> **Assignment**
Pictures aside, output each record exactly.

=== Begin Enclosure ===

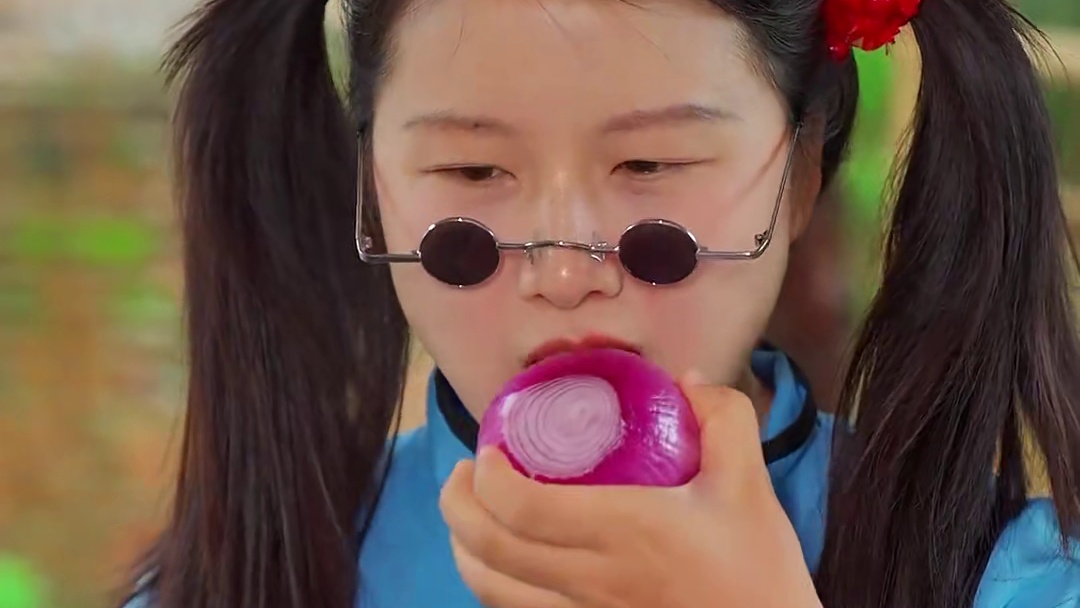 有你们想吃的吗？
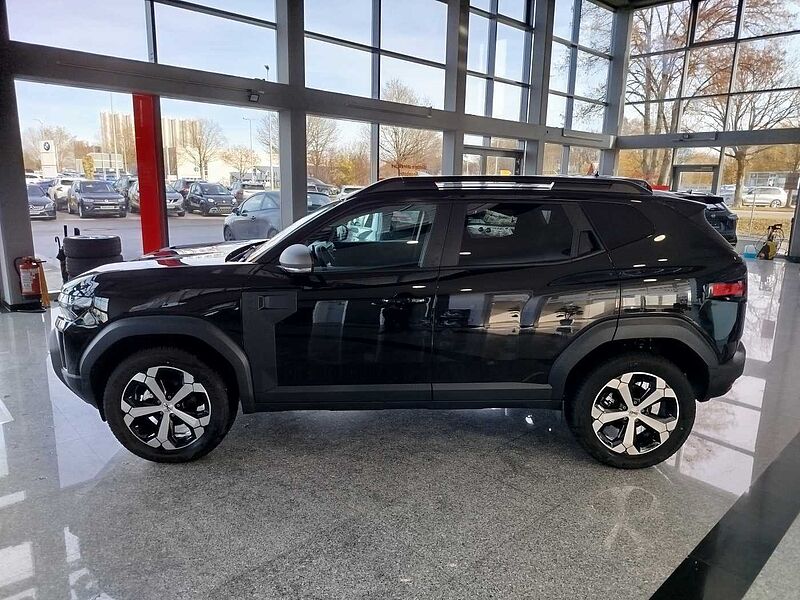 Dacia Duster Journey TCe 130 4x4 AHK+Winter+City+Technik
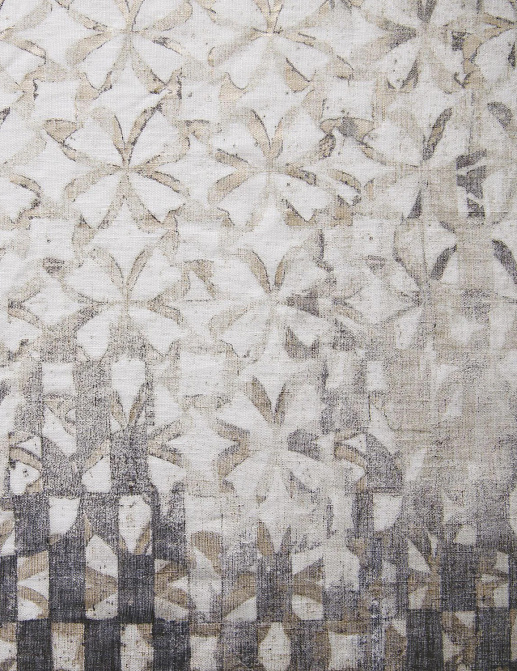 Ткань Casamance Mariposa A37880721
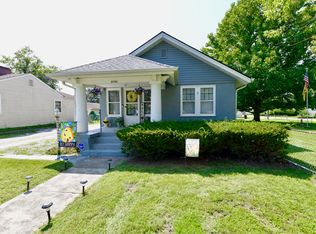 2706 S Roena St, Indianapolis, IN 46241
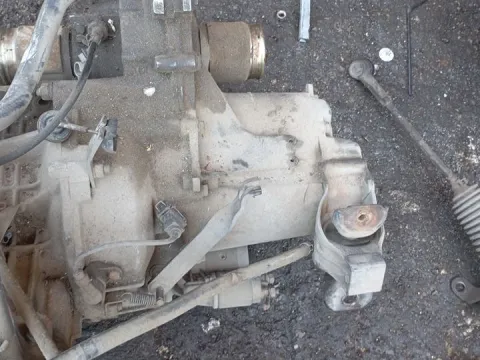 Κιβώτιο Ταχυτήτων (Σασμάν) Χειροκίνητο για SKODA FELICIA (1994 - 1998) (6U1-5) 1300 (136B) (136M) Petrol 68 , (1998 - 2001) (6U1-5)  Κιβώτιο Ταχυτήτων (Σασμάν) Χειροκίνητο για SKODA FELICIA (1994 - 1998) (6U1-5) 1300 (136B) (136M) Petrol 68 , (1998 - 2001) (6U1-5)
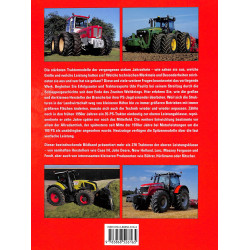 Die starksten Traktoren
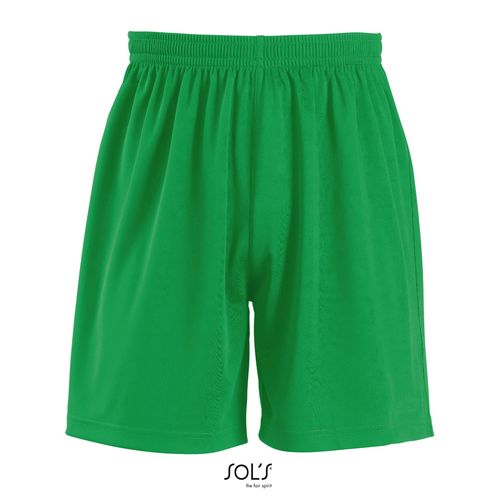 SHORT BASIQUE ENFANT SOL'S SAN SIRO KIDS 2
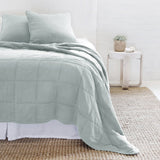 Antwerp Coverlet Sky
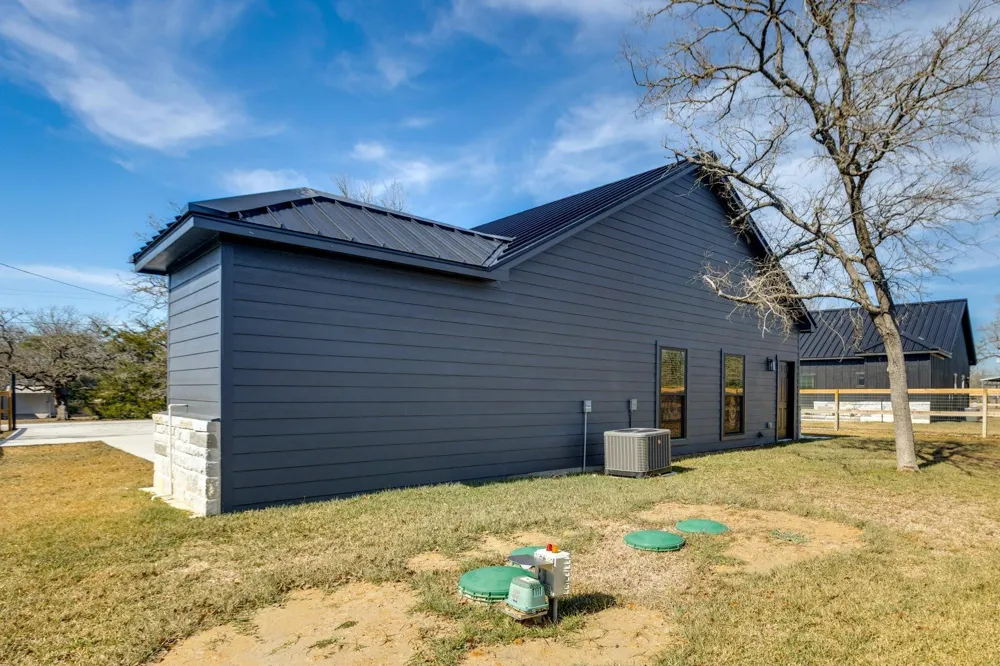 308 Sweet Gum Lane Somerville, TX 77879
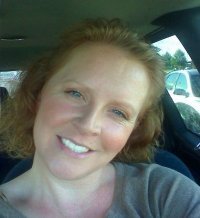 Sherri Winger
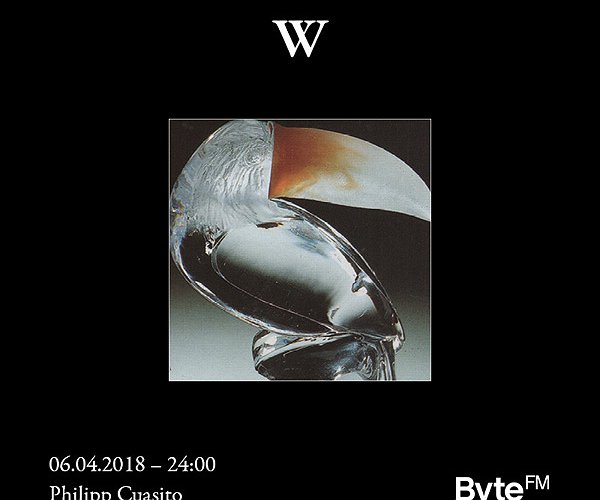 ByteFM: Electric Nightflight vom 07.04.2018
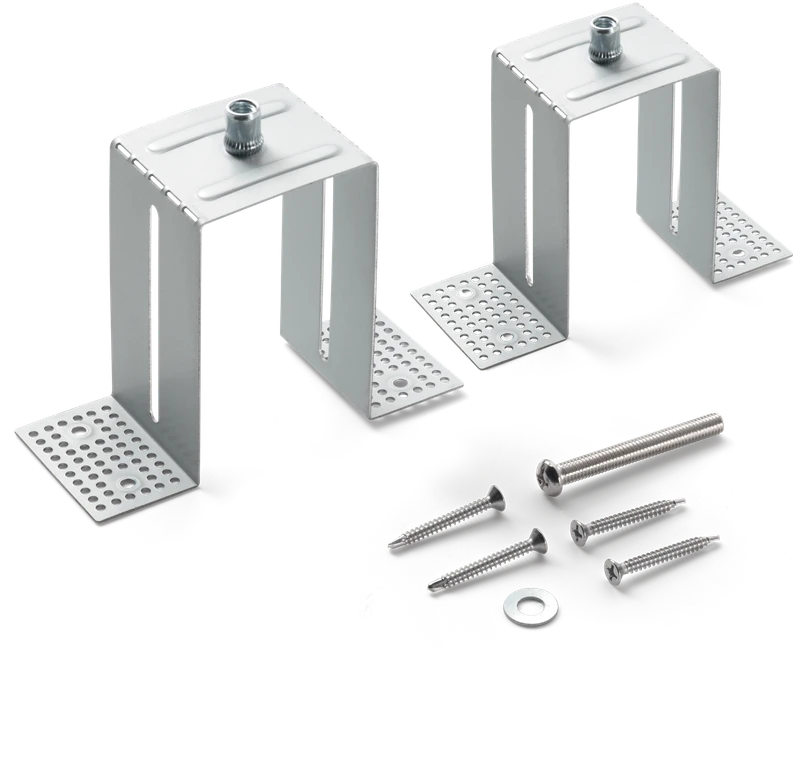 Ideal Lux FLUO kit recessed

=== End Enclosure ===

> **Expected answer**
 有你们想吃的吗？
 Dacia Duster Journey TCe 130 4x4 AHK+Winter+City+Technik
 Ткань Casamance Mariposa A37880721
 2706 S Roena St, Indianapolis, IN 46241
 Κιβώτιο Ταχυτήτων (Σασμάν) Χειροκίνητο για SKODA FELICIA (1994 - 1998) (6U1-5) 1300 (136B) (136M) Petrol 68 , (1998 - 2001) (6U1-5)  Κιβώτιο Ταχυτήτων (Σασμάν) Χειροκίνητο για SKODA FELICIA (1994 - 1998) (6U1-5) 1300 (136B) (136M) Petrol 68 , (1998 - 2001) (6U1-5)
 Die starksten Traktoren
 SHORT BASIQUE ENFANT SOL'S SAN SIRO KIDS 2
 Antwerp Coverlet Sky
 308 Sweet Gum Lane Somerville, TX 77879
 Sherri Winger
 ByteFM: Electric Nightflight vom 07.04.2018
 Ideal Lux FLUO kit recessed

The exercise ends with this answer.